## WHAT YOU SHOULD DO
Drop the pictures and restate the rest of the listing word for word.

## INFORMATION SUPPLIED

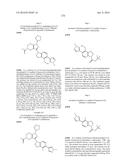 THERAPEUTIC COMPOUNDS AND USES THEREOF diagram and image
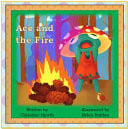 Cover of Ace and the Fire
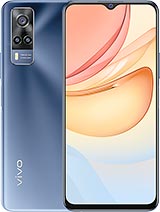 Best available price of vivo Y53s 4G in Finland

## SOLUTION BELOW
 THERAPEUTIC COMPOUNDS AND USES THEREOF diagram and image
 Cover of Ace and the Fire
 Best available price of vivo Y53s 4G in Finland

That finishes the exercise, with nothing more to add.